Hi Avner, 
Can you explain more about what you'd need with the utility escaping function?  
That seems more practical than creating new storage plugins for each user.
--C

> On May 11, 2020, at 10:58 AM, Avner Levy <[email protected]> wrote:
> 
> Thanks Paul,
> It seems I wasn't clear enough in my previous email.
> I have a server in between the end users and drill (exactly as you
> suggested), my concern is SQL attacks on that server by bad parameters.
> I've tried Athena and I think they too don't support prepared statements.
> In addition, they were slower than Drill in my scenarios.
> If Drill had a utility escaping function that clients could use on their
> input and know they are safe it would help reducing the risk.

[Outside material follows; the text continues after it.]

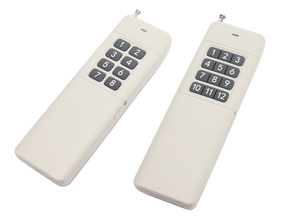 200m-3000m uzun menzilli mesafe uzaktan verici 4 düğme 433MHz denetleyici - Product Image 4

> For now, I guess it leaves me with the option of creating a data source per
> each client (hoping few thousands of those won't hurt performance) or
> making sure I properly escape all users input.
> Appreciate your help.
> Thanks,
>  Avner
> 
> On Sun, May 10, 2020 at 9:09 PM Paul Rogers <[email protected]>
> wrote:
> 
>> Hi Avner,
>> 
>> Drill does not support prepared statements. Nor does Drill support
>> statements with parameters. This is true with all interfaces. These would
>> be great features; but they've never been implemented.
>> 
>> 
>> Drill was designed to operate in a Hadoop-like environment with
>> semi-trusted users. (Meaning that, if any user did something malicious, you
>> could sue or fire them.) As noted, the file system enforced security. There
>> was no notion of the public using Drill to access secure data, with Drill
>> acting as the secure gateway. Again, code could be added, but it is not
>> there today. FWIW, in its present state, I would not trust Drill on a
>> public web site with sensitive data.
>> 
>> 
>> Given how Drill acts today, I'd wager your best bet is to insert your own
>> server between your user and Drill. Allow the user to specify queries in
>> some simple, non-SQL way. Then, your server can build the SQL and forward
>> it to Drill.
>> 
>> Public Internet (Web Browser --> Secure Gateway) --> Private network (App
>> server --> Drill)
>> 
>> 
>> For example, if I want to know about "Orders", I can specify a date range.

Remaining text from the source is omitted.